In FIG. 5, there is shown a simplified top schematic of portable device 200 positioned on a document 400 for performing a scan, print, or another operation according to an embodiment of the present invention. In the illustrative example, device 200 is equipped with four alignment elements although a greater or lesser number of alignment elements may be employed for facilitating accurate alignment of device 200 on a document 400. Two alignment element elements 275B and 275C are disposed on anterior surface 230 and two additional alignment elements 275A and 275D are disposed on respective side surfaces 280A and 280B. After device 200 is positioned on document 400 or another object, alignment elements 275A-275D may be actuated by, for example, depression of button 250A or another actuation element operatively coupled therewith. In a preferred embodiment, each of alignment elements 275A-275D are laser emitters that respectively emit laser light 425A-425D (illustratively denoted with dashed lines) upon actuation thereof that is projected along a surface of document 400 when device 200 is positioned in abutment therewith. Alignment elements, such as alignment elements 275A and 275B, orthogonally disposed within device 200 project laser lights 425A and 425B that are mutually orthogonal. Accordingly, appropriate alignment of device 200 is facilitated by positioning device 200 on document 400 and visually aligning one or more of emitted laser light 425A-425D with a longitudinal or lateral axis of a region of interest such as defined by document edges 400A and 400B.

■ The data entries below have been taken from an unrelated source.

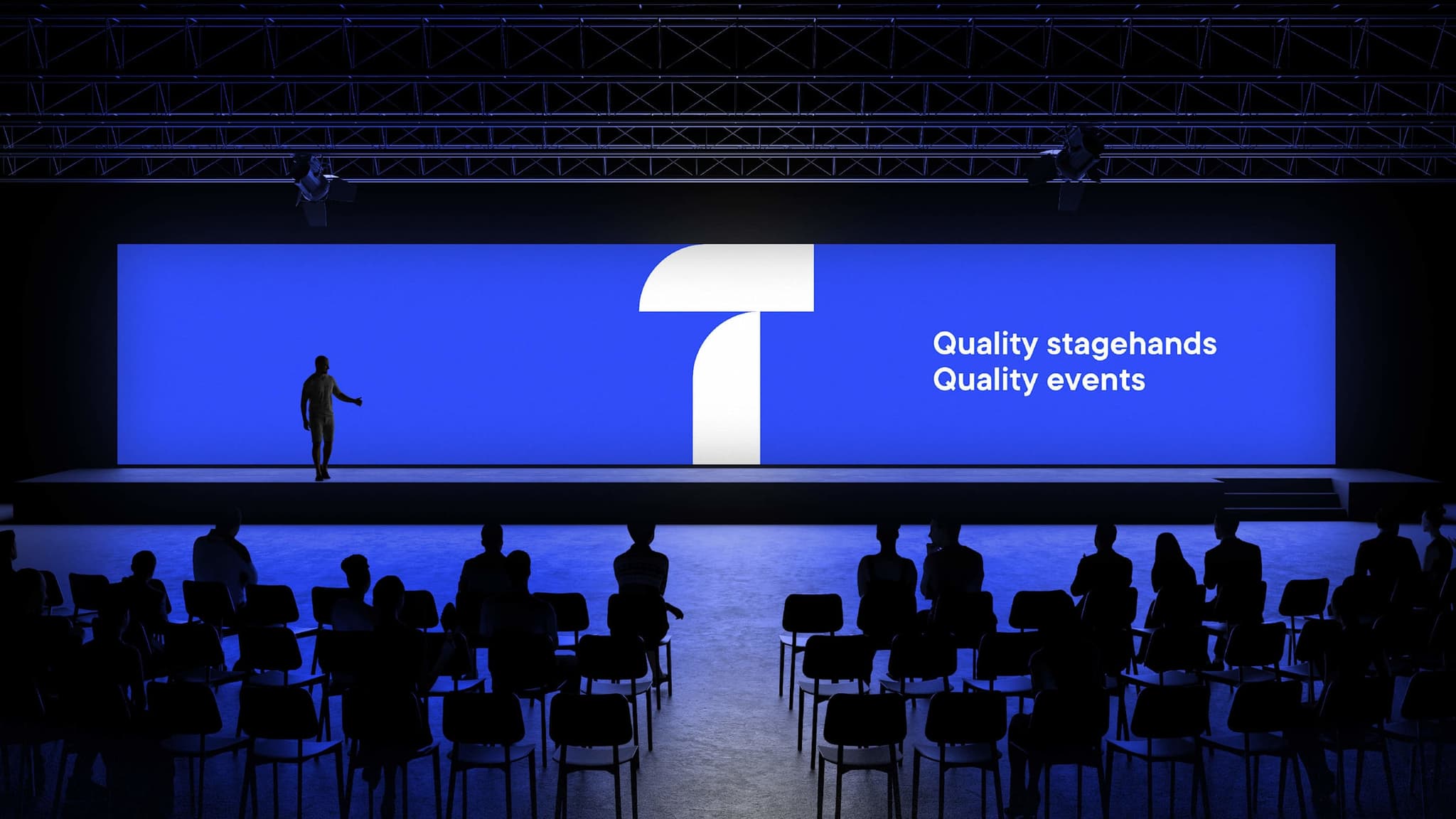 Event stage screen reading “Quality stagehands, Quality events” in front of a seated audience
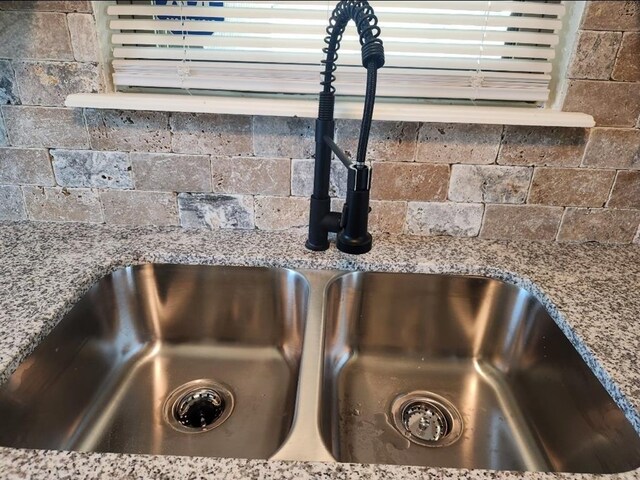 2421 N Prospect Ave, Oklahoma City, OK 73111 - kitchen view of a sink and light stone countertops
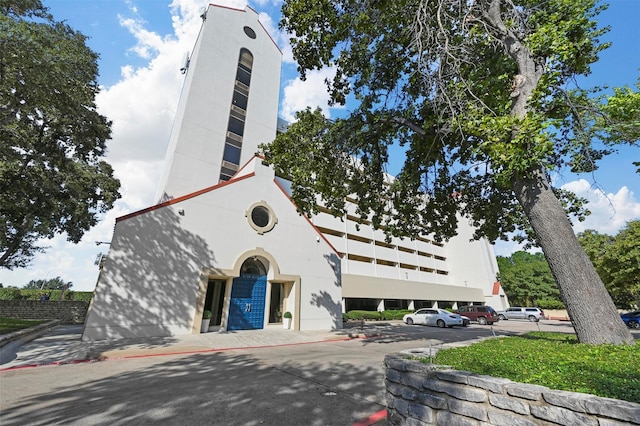 view of building exterior featuring uncovered parking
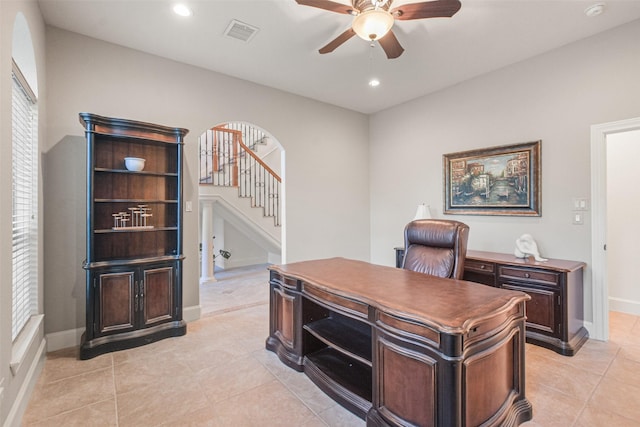 home office featuring baseboards, visible vents, arched walkways, a ceiling fan, and recessed lighting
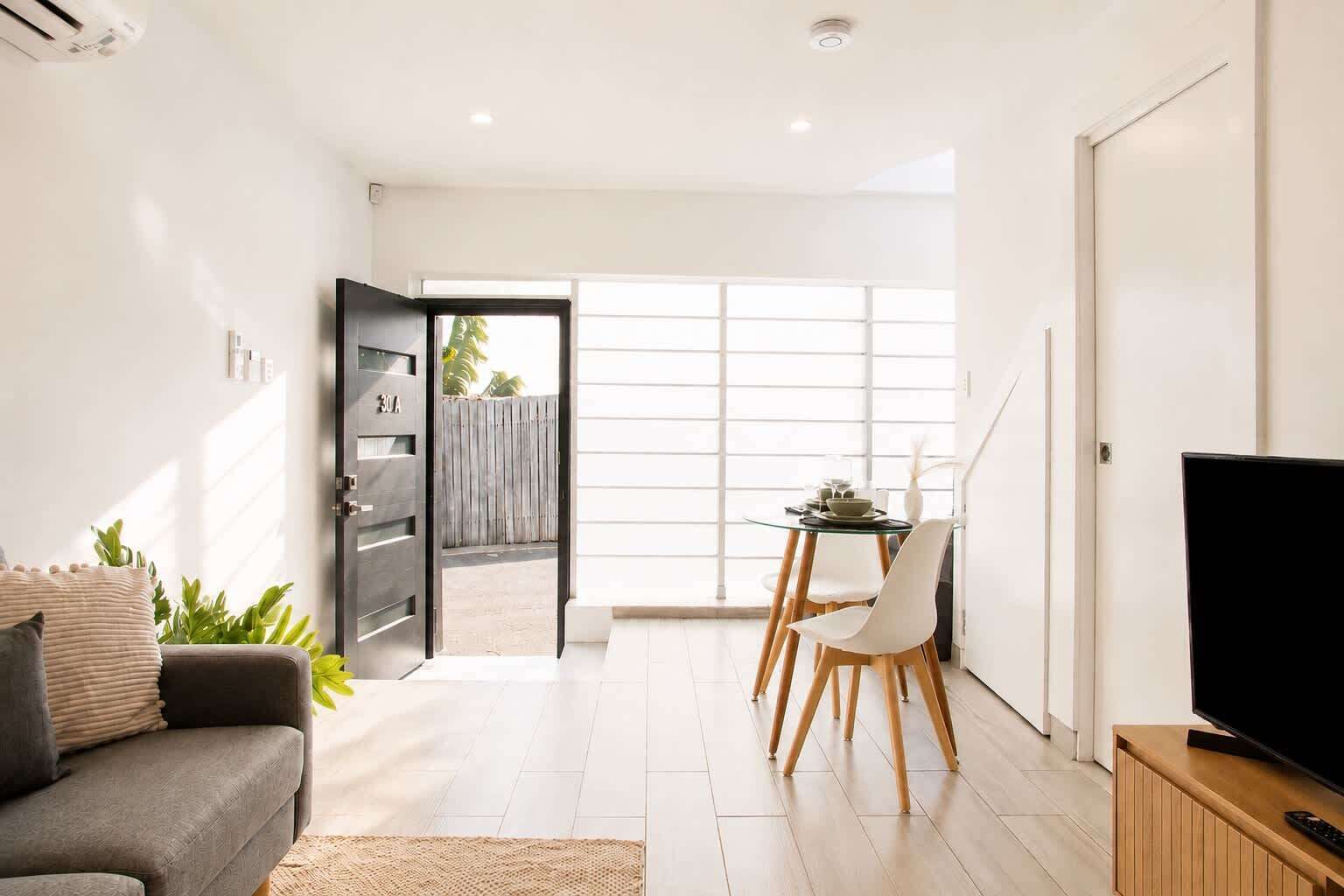 A modern living room with a sofa, a dining table with chairs, a television on a wooden stand, and a sliding glass door leading to an outdoor area.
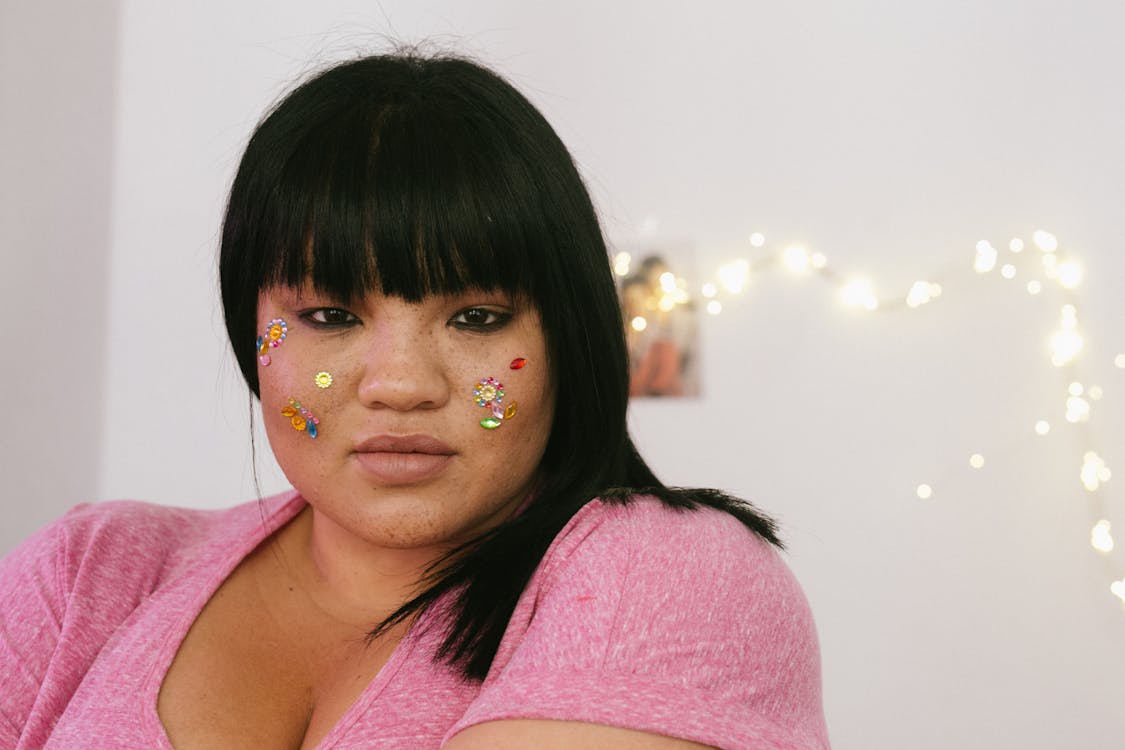 Tender young ethnic overweight lady with black hair and colourful glitter on face wearing pink shirt standing in light decorated room and looking at camera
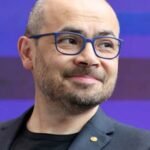 DeepMind CEO Hassabis questions OpenAI’s move to put ads in ChatGPT, emphasizing trust and careful AI design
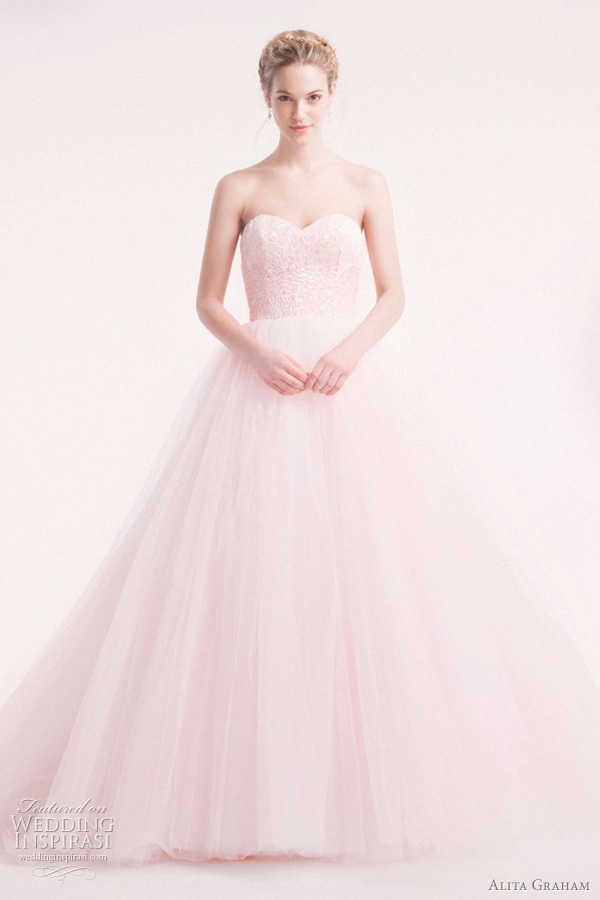 Above a stunning pale pink tulle ball gown with beaded bodice Swoon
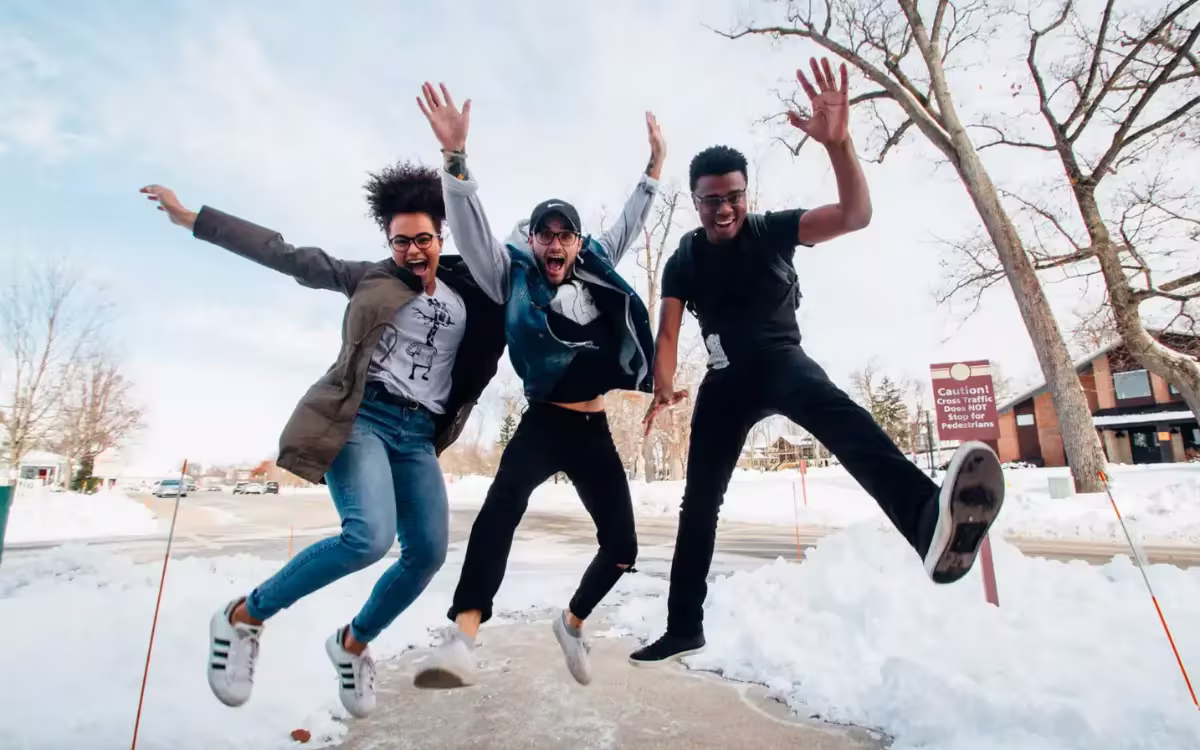 3 people jumping in the air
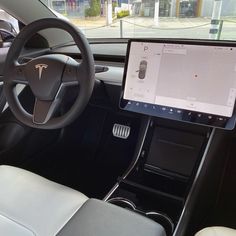 the interior of a tesla car with an electronic display on the dashboard and steering wheel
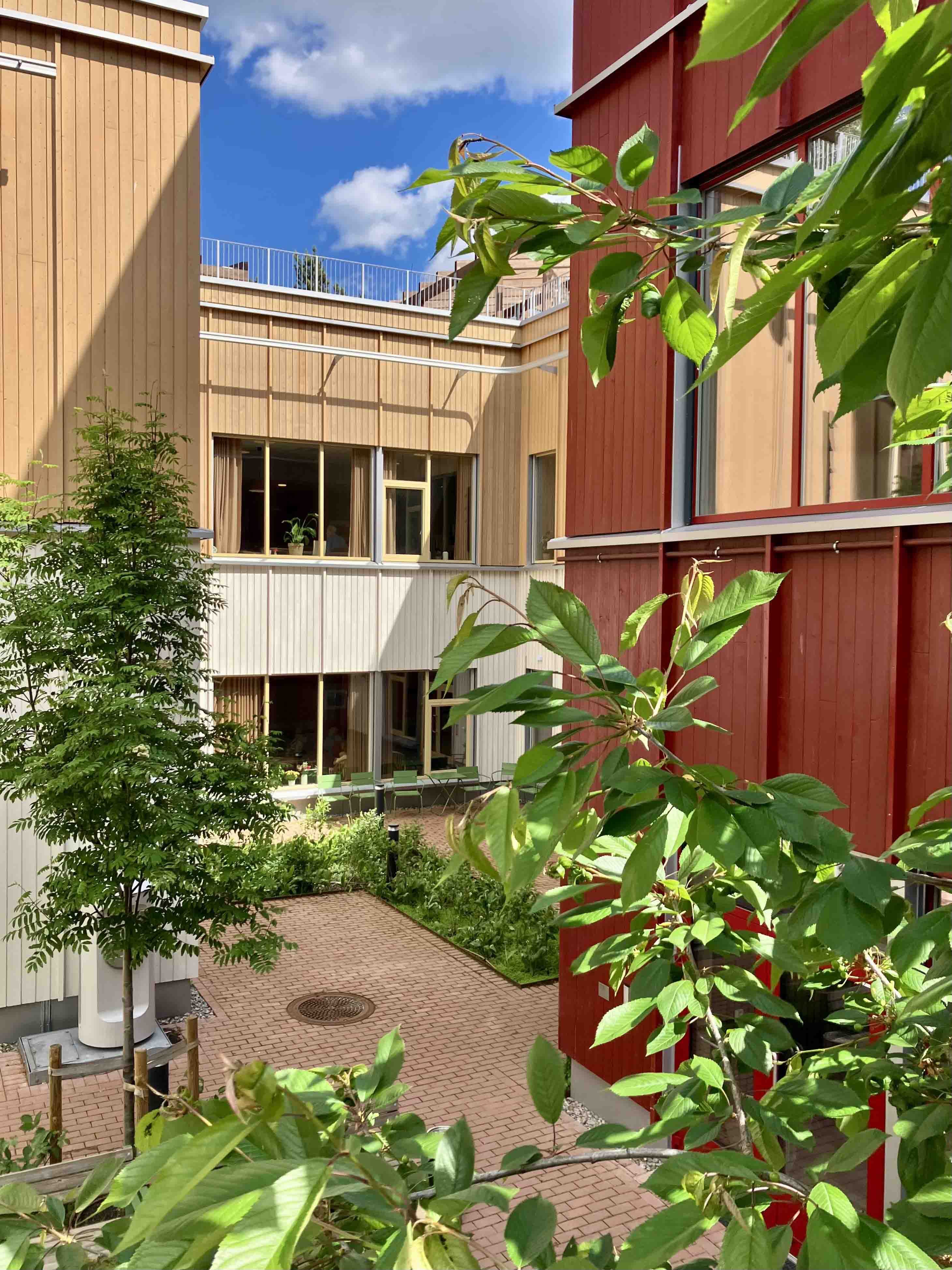 Bygninger i gult og rødt rundt en åpen plass med grønne vekster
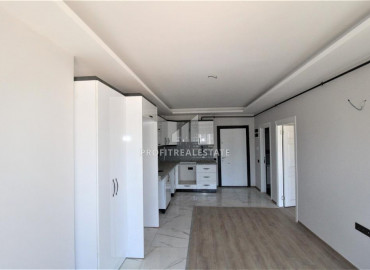 Квартира 1+1 с чистовой отделкой в новой резиденции в центре Мезитли, Мерсин ID-9605 фото-3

As described, a device and method for facilitating alignment of a portable imaging device with a region of interest of an object is provided. An alignment element is actuated and projects an alignment light along an axis of the imaging device. Projection of the alignment light enables a user of the device to align the device with an axis of an object, such as an edge of a document, and thereby avert introduction of skew, or another undesirable artifact, in a scanned or printed image.